- Your instructions
For the data that follows, print the line with "Flintronic Marsupio Sportivo, Marsupio", the line with "Paris Texas Maria 110mm sandals - Green", and all lines between them, exactly as they stand. Omit pictures and add nothing.

- Records for this exercise
○ ○ ○ ○ ○

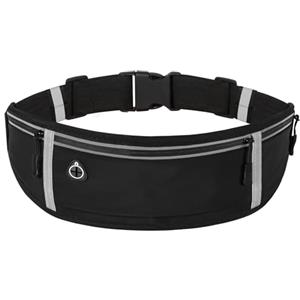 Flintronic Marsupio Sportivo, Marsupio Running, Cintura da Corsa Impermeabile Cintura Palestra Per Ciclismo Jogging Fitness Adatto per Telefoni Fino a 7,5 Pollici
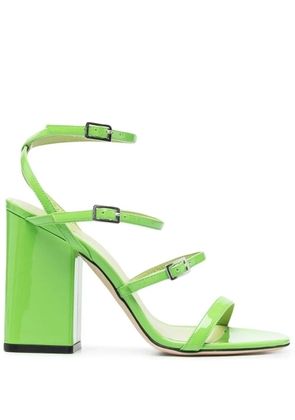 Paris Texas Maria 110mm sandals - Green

○ ○ ○ ○ ○

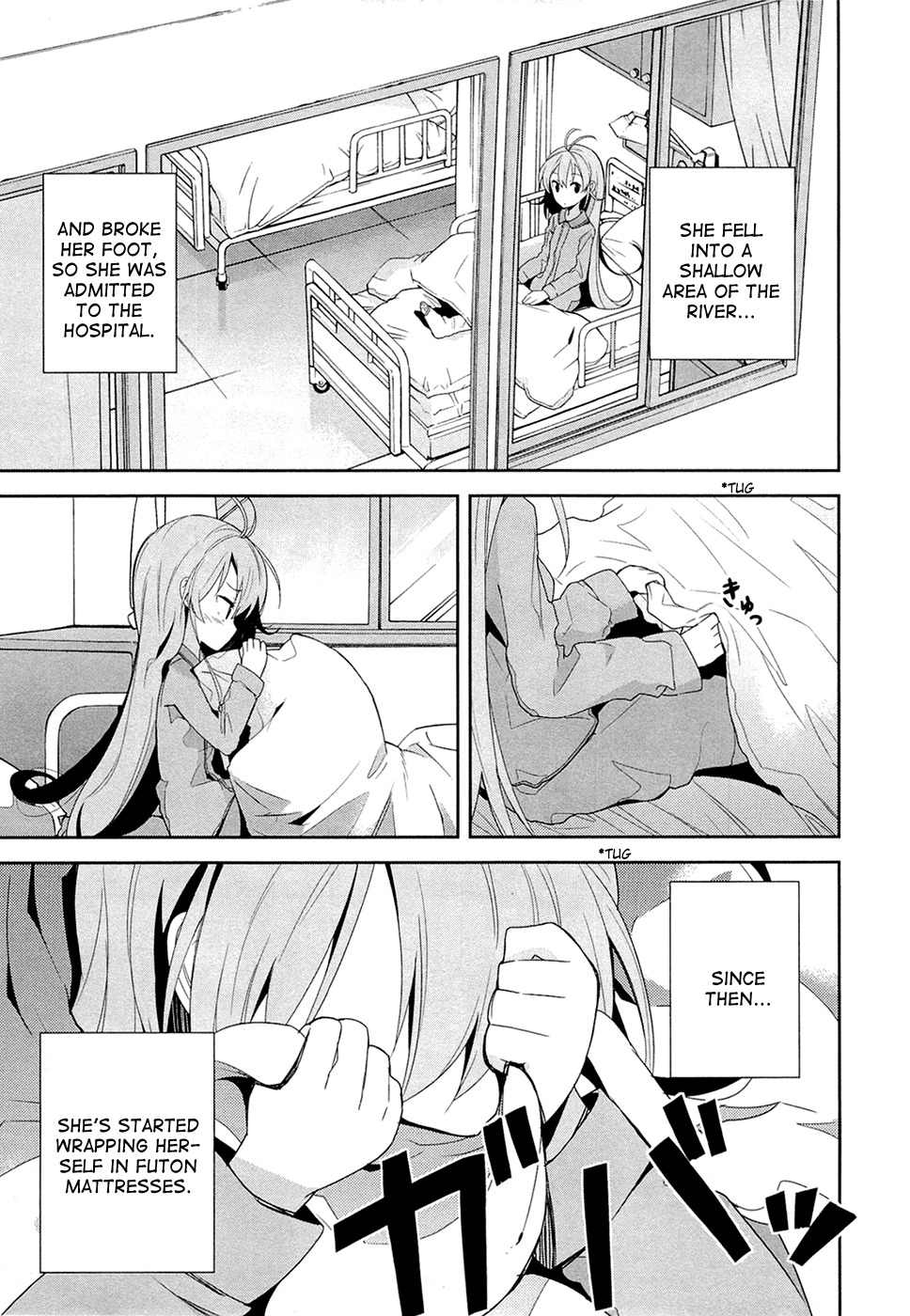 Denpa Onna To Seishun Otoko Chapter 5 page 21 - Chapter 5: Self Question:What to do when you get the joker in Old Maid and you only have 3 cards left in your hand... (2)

○ ○ ○ ○ ○

- Problem solution
 Flintronic Marsupio Sportivo, Marsupio Running, Cintura da Corsa Impermeabile Cintura Palestra Per Ciclismo Jogging Fitness Adatto per Telefoni Fino a 7,5 Pollici
 Paris Texas Maria 110mm sandals - Green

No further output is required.